Advisors with small firms who have several disclosures should remain alert. Only firm officers will be privy to whether the company is being “preliminarily investigated” by FINRA, and a firm in the crosshairs will endeavor to hold any type of regulatory investigation close to the vest. Firm officers will face the “choice” of whether to hand over a large sum to FINRA, which the firm cannot access, or identify as many reps with the most disclosures as possible, terminate them, and retain as many clients as they can. That’s how risk gets transferred from broker-dealers to financial advisors.
New Rules 9561 and 9559 accompany Rule 4111 to facilitate its implementation, and all become effective on January 1, 2022. Additionally, FINRA will propose amendments to its Rule 8312, FINRA BrokerCheck Disclosure, to ensure publication of a firm’s restricted status. Restricted firms’ reputations will be marred, and they will face greater obstacles when attempting to recruit.

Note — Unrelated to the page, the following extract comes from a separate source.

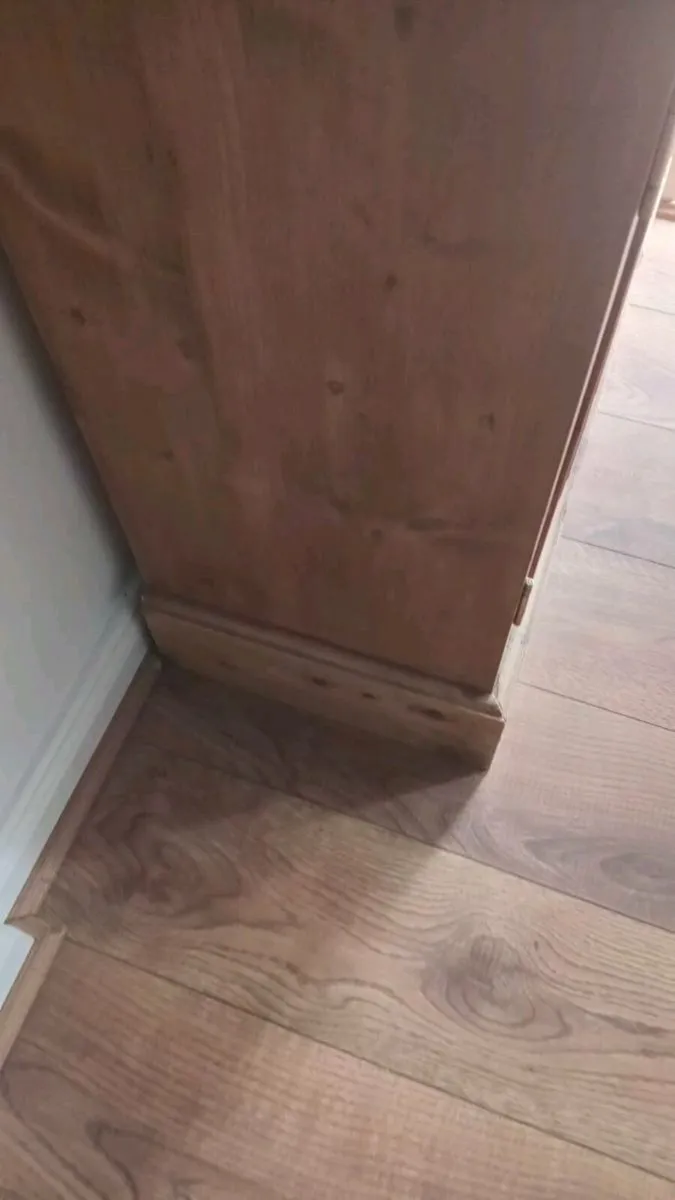 Old pine larder - Image 3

Even reps with clean records who are registered with such BDs will likely be negatively affected by both their association with the restricted firm and its reduced resources.

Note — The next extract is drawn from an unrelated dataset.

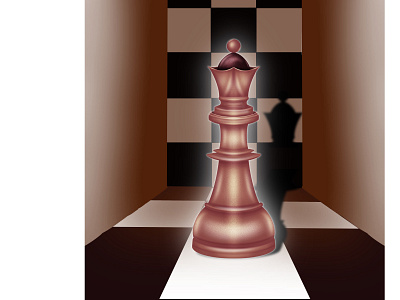 chess kings art artwork design icon illustration king procreate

Similarly, the reason that most firms bring on advisors with disclosures in the first place is because those individuals are high producers. With firms’ options limited to either terminating those reps or funding a restricted account, broker-dealers could suffer as a result of large assets moving away from the firm with terminated reps.
FINRA purports that the financial impact of restricted deposits will likely change firms’ behavior and thereby protect investors. Others anticipate that there will be fewer representatives who are unethical and less hiring of such reps by BDs. However, it appears that being labeled as restricted will be the kiss of death for most firms and will likely cost the financial services industry a significant portion of its representatives. Further, FINRA has the ability to expand what’s considered problematic to include more and more events from an advisors’ past. In other words, an event that does not count against you today could very well count toward a firm’s restricted status in the future.